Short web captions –
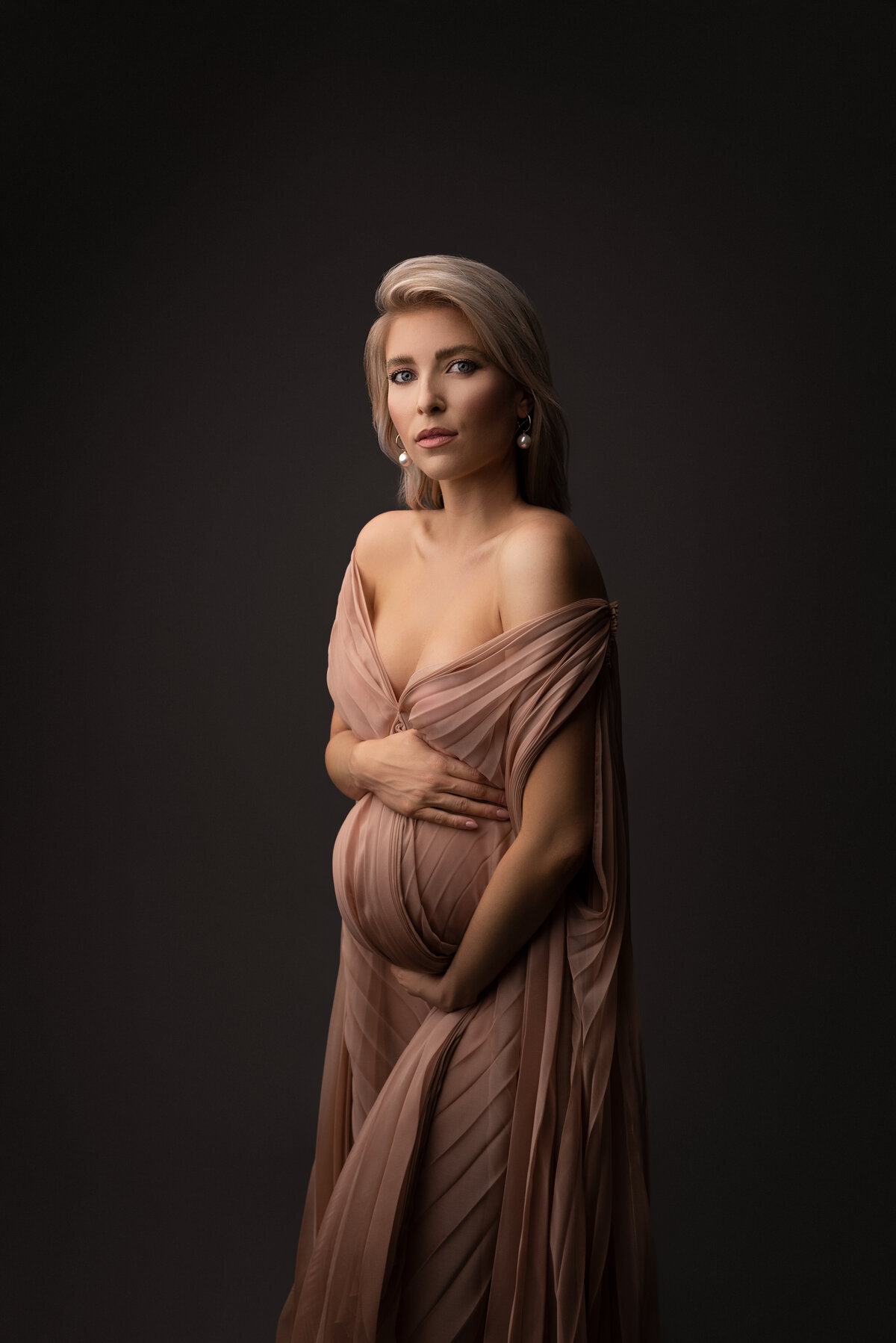 Woman poses for fine art maternity photos with top Philadelphia Main Line maternity photographer Katie Marshall. The woman is standing angled to the camera in a long, off-the-shoulder dusty rose gown with floor-length caped sleeves. One and is atop of her baby bump, the other is under. She is looking over her shoulder toward the camera with an intent gaze.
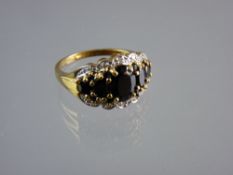 A NINE CARAT GOLD DRESS RING having a band of five graduated oval sapphires and tiny diamonds to the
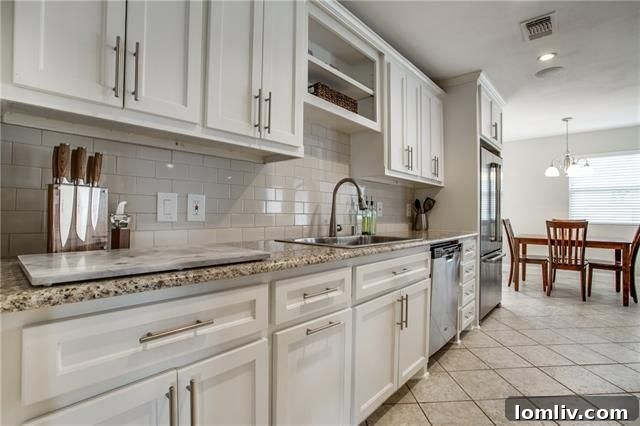 Park Forest Reno: Expansive 2,300+ SqFt with Open-Concept Living and Premium Amenities 13 Bright kitchen with fresh white cabinets and ample counter space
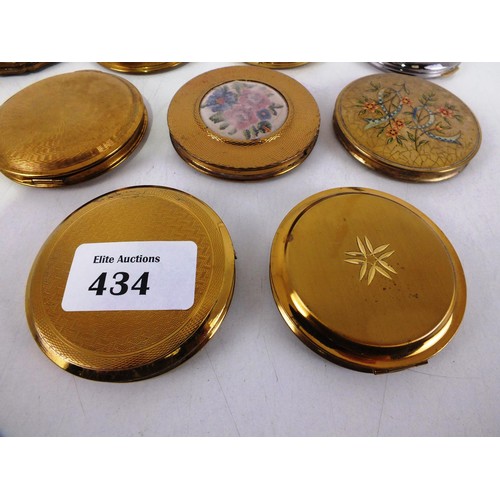 434 - Nine assorted Gold Tone Powder compacts.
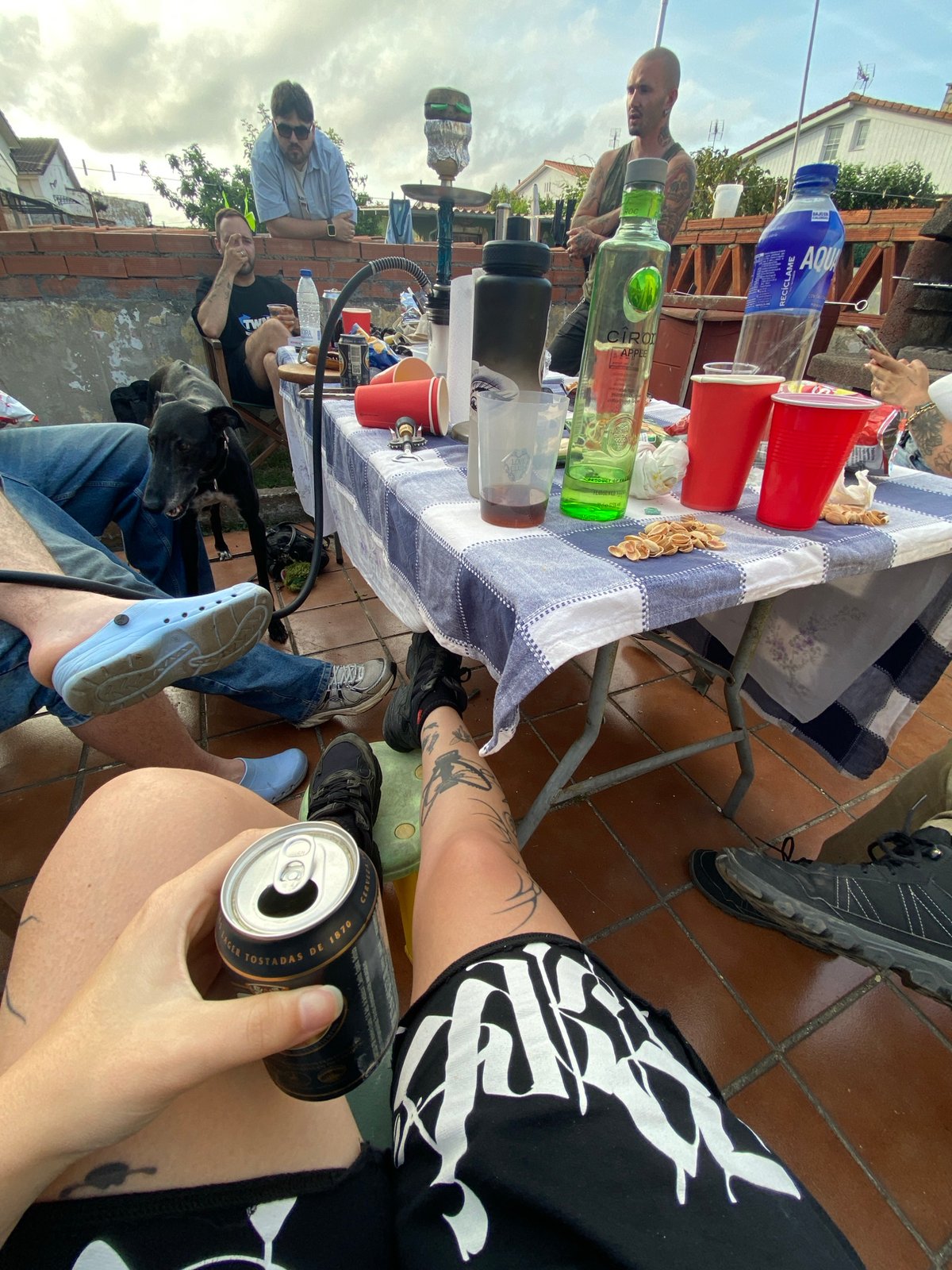 Friends gather for drinks on Gijón rooftop terrace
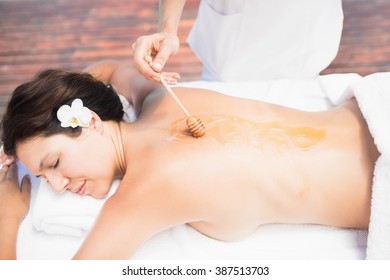 Woman Receiving A Honey Massage From Masseur Near Pool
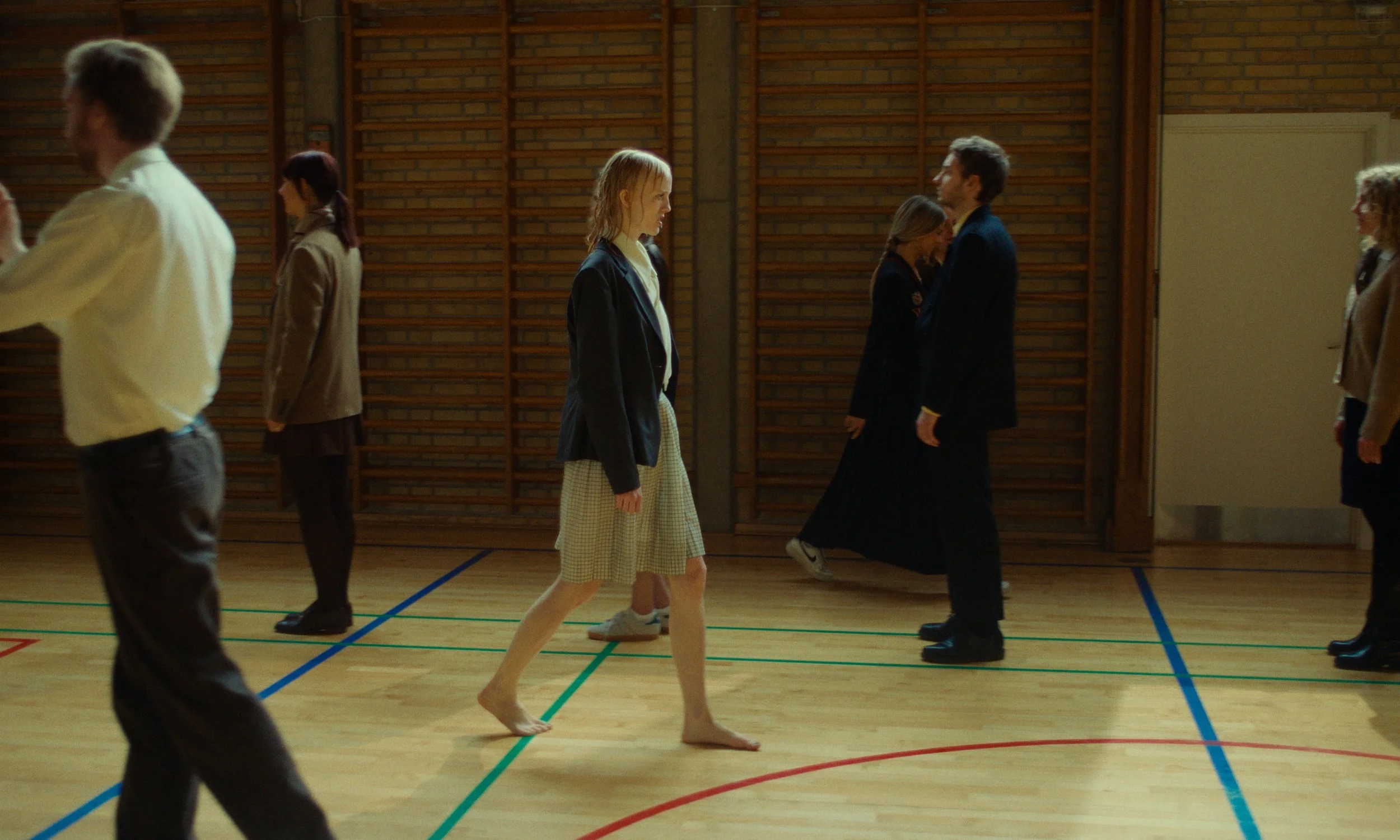 Multiple people standing and walking in a gymnasium or sports hall with wooden lining on the walls, some dressed casually and others in dark attire, and one woman walking barefoot on the wooden floor.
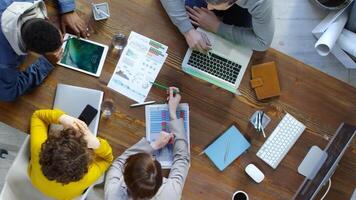 Top view of four business people sitting at modern office desk video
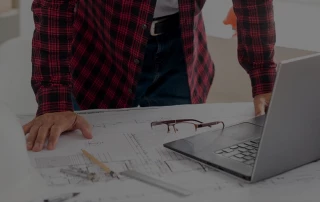 Oberkörper einer Person in kariertem Hemd über einem Tisch mit technischen Zeichnungen, Brille und aufgeklapptem Laptop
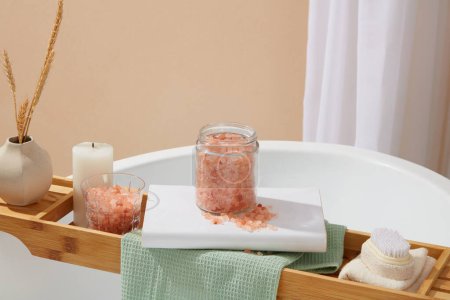 Foto de Concepto de baño con un frasco de sal rosa himalaya arreglado con otros suministros en la bandeja de la bañera de madera. Algunos afirman que la sal del Himalaya es más natural que la sal de mesa - Imagen libre de derechos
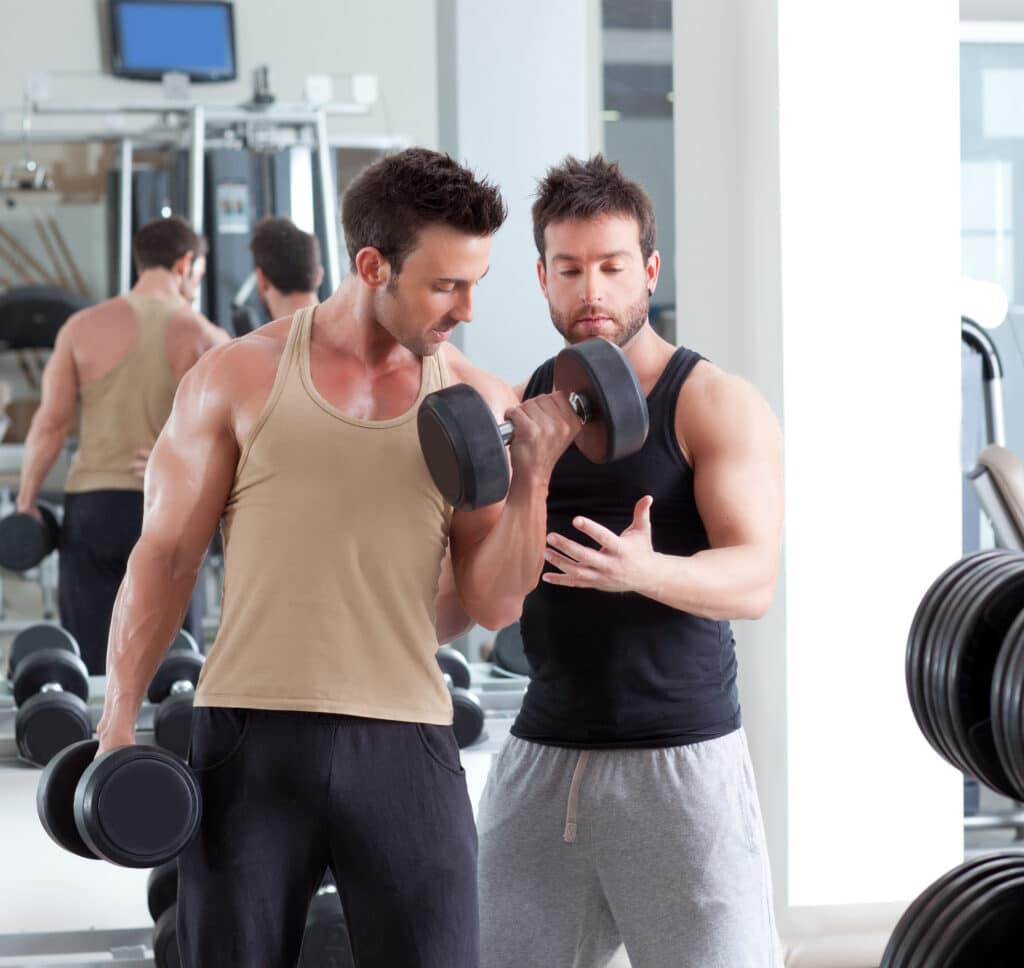 Homme musclé en sueur faisant des curls avec haltère, coach sportif attentif l'encadrant en salle de sport.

What the exercise asks – Return the complete data unchanged and include none of the pictures.

Exercise result –
 Woman poses for fine art maternity photos with top Philadelphia Main Line maternity photographer Katie Marshall. The woman is standing angled to the camera in a long, off-the-shoulder dusty rose gown with floor-length caped sleeves. One and is atop of her baby bump, the other is under. She is looking over her shoulder toward the camera with an intent gaze.
 A NINE CARAT GOLD DRESS RING having a band of five graduated oval sapphires and tiny diamonds to the
 Park Forest Reno: Expansive 2,300+ SqFt with Open-Concept Living and Premium Amenities 13 Bright kitchen with fresh white cabinets and ample counter space
 434 - Nine assorted Gold Tone Powder compacts.
 Friends gather for drinks on Gijón rooftop terrace
 Woman Receiving A Honey Massage From Masseur Near Pool
 Multiple people standing and walking in a gymnasium or sports hall with wooden lining on the walls, some dressed casually and others in dark attire, and one woman walking barefoot on the wooden floor.
 Top view of four business people sitting at modern office desk video
 Oberkörper einer Person in kariertem Hemd über einem Tisch mit technischen Zeichnungen, Brille und aufgeklapptem Laptop
 Foto de Concepto de baño con un frasco de sal rosa himalaya arreglado con otros suministros en la bandeja de la bañera de madera. Algunos afirman que la sal del Himalaya es más natural que la sal de mesa - Imagen libre de derechos
 Homme musclé en sueur faisant des curls avec haltère, coach sportif attentif l'encadrant en salle de sport.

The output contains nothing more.